As it turns out, it’s corporate finance day on TNW, so get your party hat, square of cake, and take a seat.
A new report in the Wall Street Journal highlights a very important component of the Jumpstart Our Business Startups Act (JOBS Act) that has thus far escaped most notice. The part of the law in question would allow companies to file a draft application to go public, that could be kept private, before its public filing.
The moment of filing is often when the doors to a company’s finances are first thrown open to the public, causing a great scurrying of examination. Once filed, the company works with the SEC, and moves forward. However, the JOBS Act would allow a firm to discuss its filing documents with the SEC before the public, potentially ironing flat any wrinkles. This, in the eyes of some, limits the flow of information to the investing public.
Groupon, a company that is in the news this morning, had some very public squabbles with the SEC over its IPO filing, and its accounting practices. It is conceivable that the company, under the rules of the JOBS Act, could have had those discussions, and made the tweaks that it did, outside of the public’s eye, thus making its final filing more attractive.
They could have made the sausage in the dark, only flipping on the lights when it was done, in other words.
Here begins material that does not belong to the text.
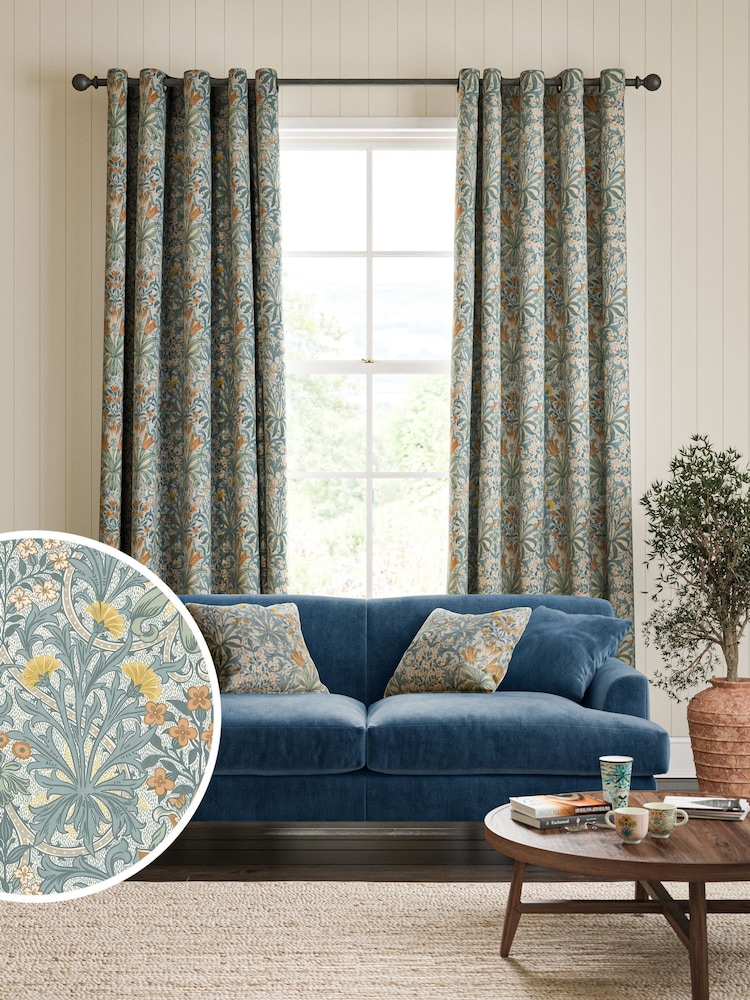 William Morris At Home Blue Woodland Weeds Made to Measure Curtains - Image 1 of 9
Obviously, this has some people up in a dither. Limiting the amount of information that is made available, or even delaying it, is anathema to some who view the IPO market as something that should be glasslike in its transparency. Giving the SEC backroom privileges with firms is something that does not line up with such a perspective.
TNW has written in favor of the JOBS Act previously, stating the following as our larger take on the bill:
The caps that are in place in regards to what individuals can invest will limit exposure. The caps that change what sort of business need report what, and the number of investors a firm can attract before going public, are generous. Which is to be expected, as the bill is aiming for leeway.
The question then becomes, are the investor protections sufficient to make the newly loosened regulations safe? The answer, in TNW’s estimation, is a resounding ‘usually.’ Investing is a dangerous, expensive, and risk-fuled business. Those who partake in its activities incur its potentials, both good and bad.
A close reading of the bill, and the argument for and against its passage, has led me to, despite reservations, check the box labeled yes. Better to take the risk, we feel, within reason, than to stifle the process and prevent growth.
That in hand, this specific issue is troubling. The dance between the SEC and the fresh-faced company looking to go public is a critical dialogue, as it demonstrates a company’s financial culture; it was a harbinger of Groupon’s later troubles, for example. By taking away this specific step, the public unveiling of an unvarnished S-1 filing, something material is being removed from the process of going public. If you can’t hack it in public, you probably aren’t ready to go public.
However, the bill is likely to be signed into law shortly, this piece included. Keep that in mind when you see future S-1 documents. They might be wearing makeup.